Human Immunodeficiency virus (HIV) infection remains a major health challenge worldwide due to its immune-destructive capacity. As the infections progresses, the more degenerating the immune cells hence resulting in susceptibility to bacterial coinfection [17].

Evaluation of procalcitonin level may therefore serve as a predictive tool on the risks of bacteria sepsis in HIV sero-positive individuals and thus a valuable prognostic addition in the management of subjects in this condition. Hence, this study was designed to assess the risks of bacteria sepsis in HIV sero-positive individuals using procalcitonin as a biomarker; achievable through the following objectives:

  1. Evaluating the levels of procalcitonin in HIV seropositive naive subjects and HIV sero-negative subjects.
  2. Determining the levels of procalcitonin in HIV seropositive individuals on HAART
  3. Assessing the CD4+ count in HIV sero-positive subjects.
  4. Correlating the levels of procalcitonin with the CD4+ count in HIV sero-positive individuals. 
  5. Correlating the levels of procalcitonin with age in HIV sero-positive subjects.

Materials and Methods

Study design

This was a case-controlled study designed to evaluate procalcitonin levels in HIV sero-positive subjects attending the HIV outpatients’ clinic of Nnamdi Azikiwe University Teaching Hospital (NAUTH), Nnewi, Anambra State, Nigeria. A total of 90 subjects were recruited for this study which comprised 30 HIV sero-positive individuals on HAART (as test group 1), 30 HIV sero-positive naïve subjects diagnosed not later than 2months prior to study (as test group 2) and 30 HIV seronegative subjects (control group).

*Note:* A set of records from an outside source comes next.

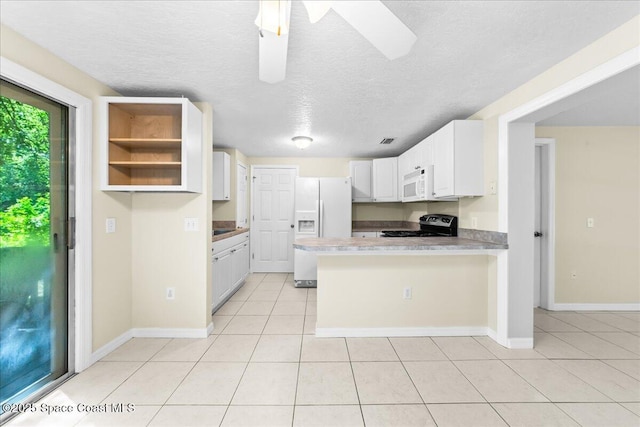 501 Santo Domingo Ave SW, Palm Bay, FL 32908 - kitchen featuring white appliances, a peninsula, light tile patterned floors, a textured ceiling, and white cabinets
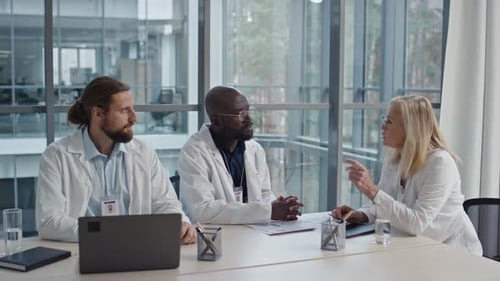 Doctors Having Seminar in Boardroom of Clinic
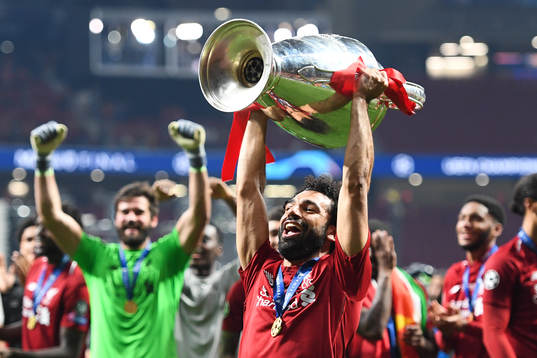 Mohamed Salah of Liverpool celebrates with the throphy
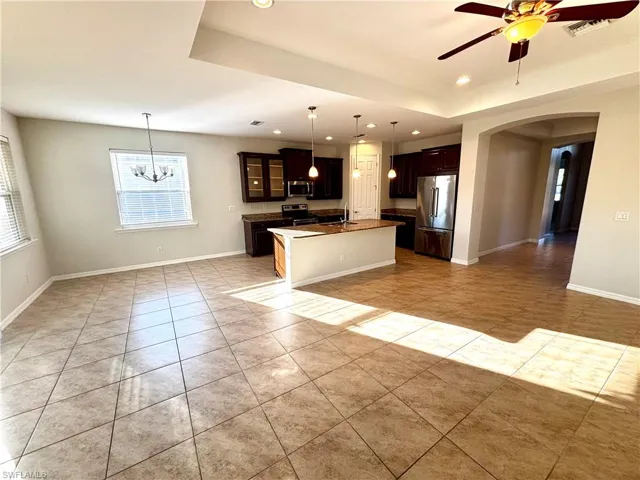 Kitchen featuring open floor plan, glass insert cabinets, arched walkways, a ceiling fan, and a kitchen island with sink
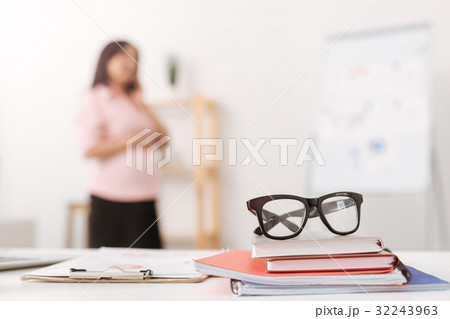 Selective focus of glasses with pregnant woman 32243963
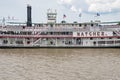 Steamboat Carries Passengers in New Orleans Harbor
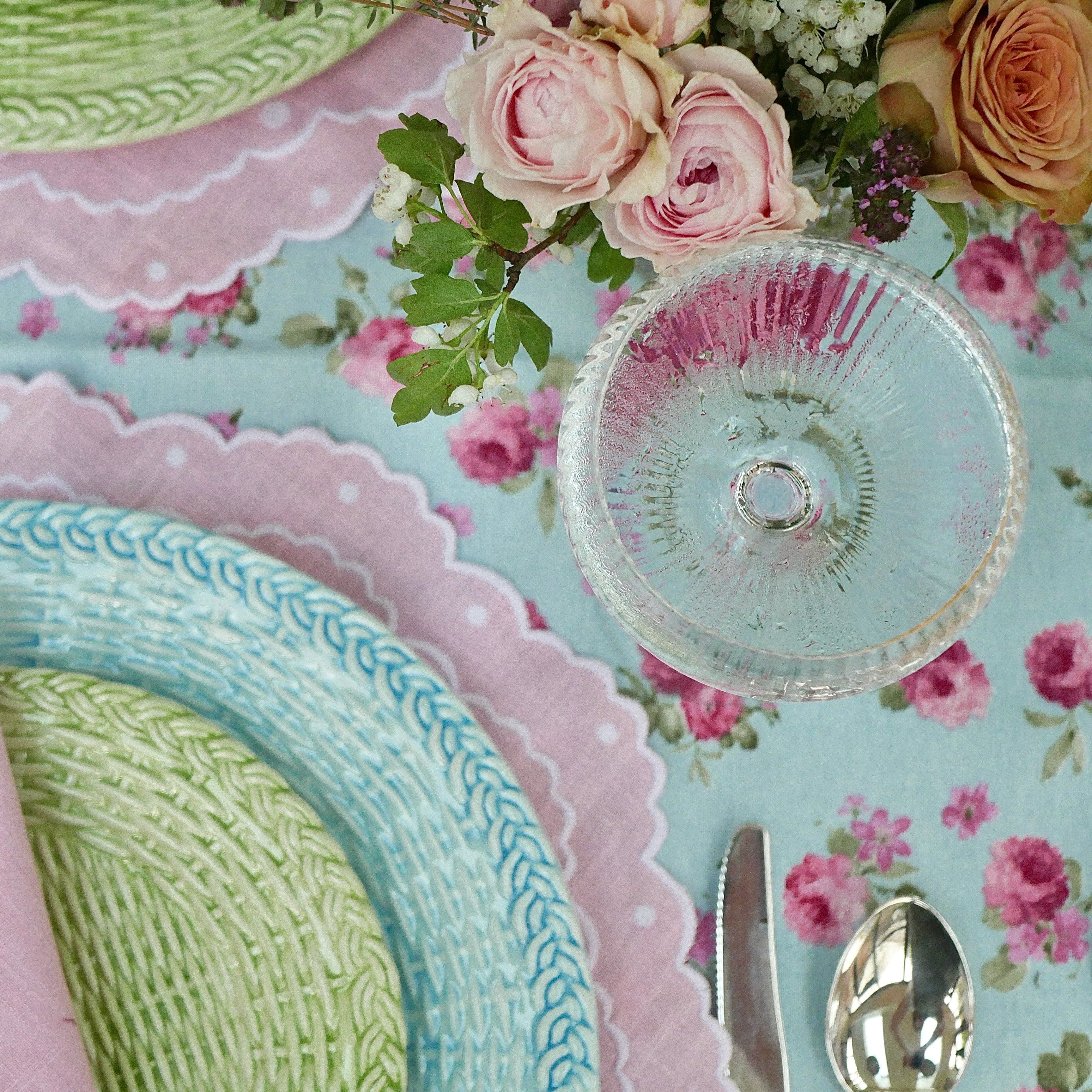 Scalloped pink tablemat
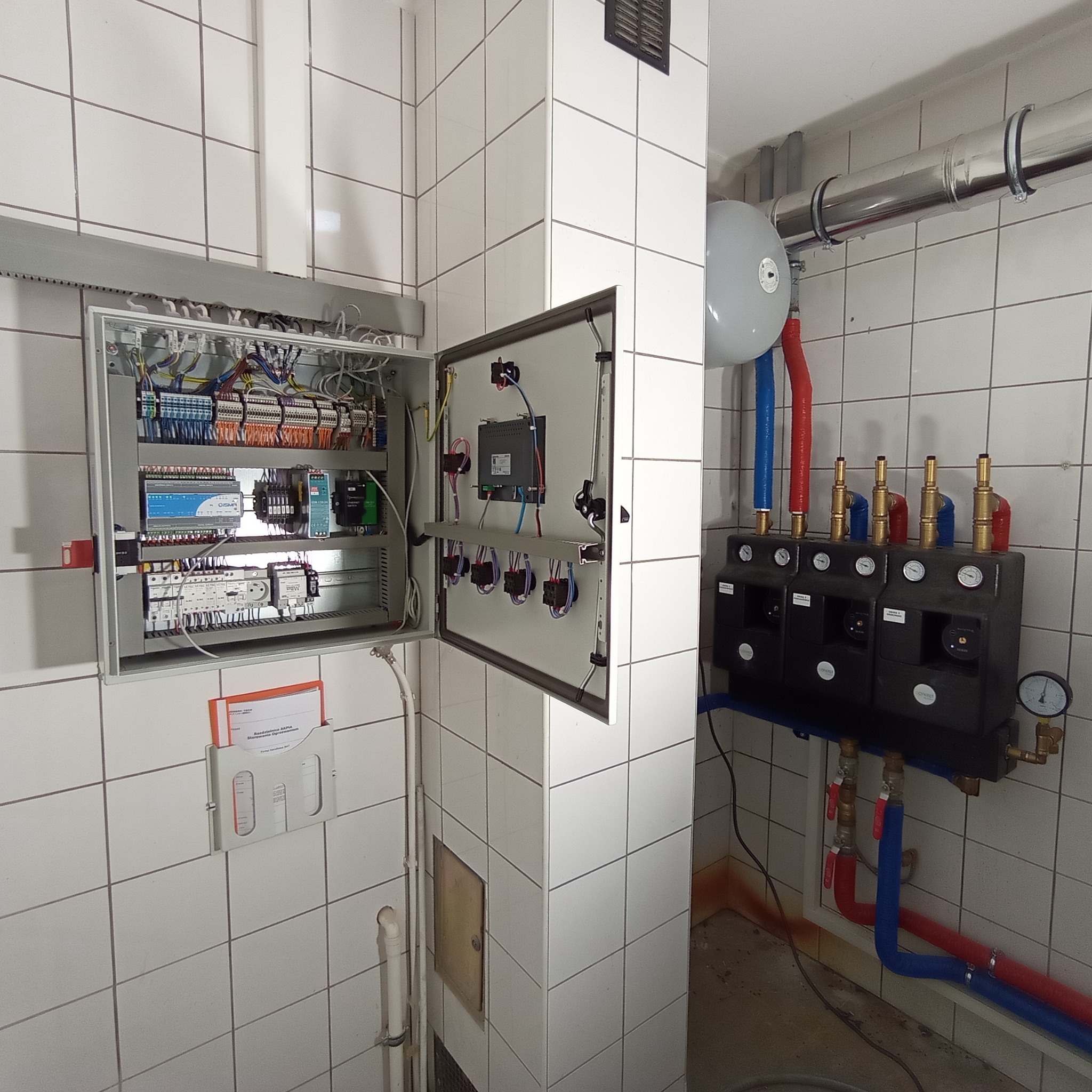 Otwarta szafa sterownicza z licznymi przewodami, bezpiecznikami i modułami, zamontowana na kafelkowanej ścianie obok kotłowni z rurami w izolacji czerwonej i niebieskiej oraz zbiornikiem wyrównawczym.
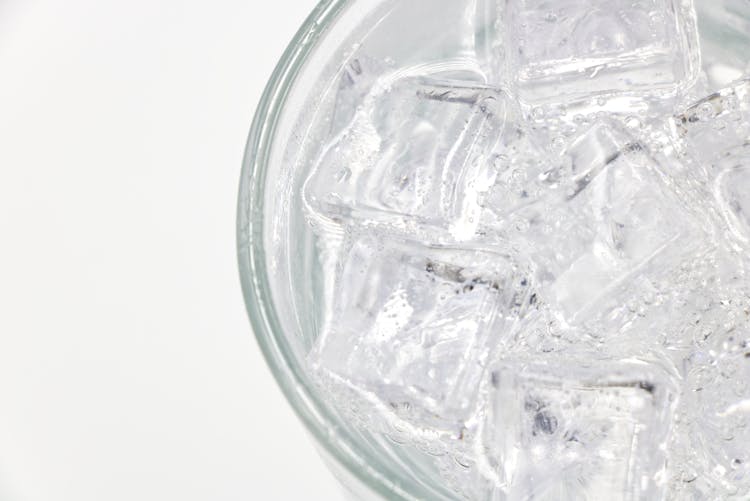 A Glass Of Sparkling Soda Water With Ice Cubes 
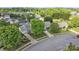 An aerial view captures the home's location within a neighborhood dotted with mature trees at 2008 Taras Trace Dr, Statesville, NC 28625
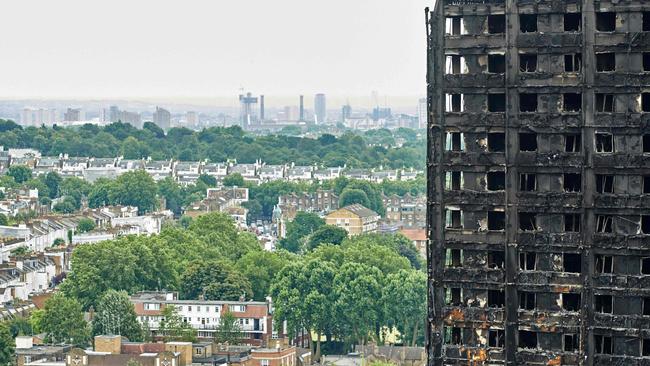 The charred remains of cladding are pictured on the outer walls of the burnt out shell of the Grenfell Tower block. Picture: Niklas Halle’n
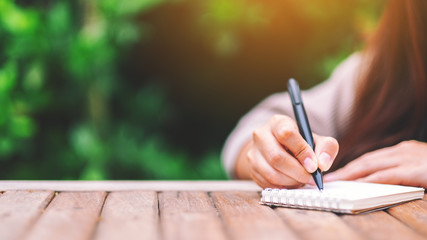 Closeup image of a woman writing on blank notebook on wooden table in the outdoors - obrazy, fototapety, plakaty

Inclusion and exclusion criteria

HIV seropositive naïve subjects diagnosed with infection not later than 2months prior to study, HIV sero-positive individuals on HAART and HIV sero-negative subjects, all within the age range of 18- 60. However, the following were excluded from the study; pregnant women, anemic individuals, subjects with chronic diseases that may affect immune status, and individuals outside the age range of 18-60

Ethical approval

The ethical approval for this research was obtained from the ethics committee of Nnamdi Azikiwe University Teaching Hospital, Nnewi, Anambra state, Nigeria.

Specimen collection

Five (5) ml of whole blood was collected aseptically from each subject and dispensed into a plain container for the estimation of procalcitonin level. The specimen was centrifuged at 5,000 rpm for 5 minutes and the serum separated.

Methodology

HIV test

HIV testing was done using the National algorithm described by [18].

Principle of Determine HIV test kit 

This is an immunochromatographic test for the qualitative detection of antibodies to HIV-1 and HIV-2. The sample is added to the sample pad. As the sample migrates through the conjugate pad, it reconstitutes and mixes with the selenium colloid-antigen conjugate. This mixture continues to migrate through the solid phase to the immobilized recombinant antigens and synthetic peptides at the patient window site. If antibodies to HIV-1 and/or HIV-2 are present in the sample, the antibodies bind to the antigen-selenium colloid and to the antigen at the patient window, forming a red line at the patient window site. If antibodies to HIV-1 and/or HIV-2 are absent, the antigen-selenium colloid flows past the patient window, and no red line is formed at the patient window site. 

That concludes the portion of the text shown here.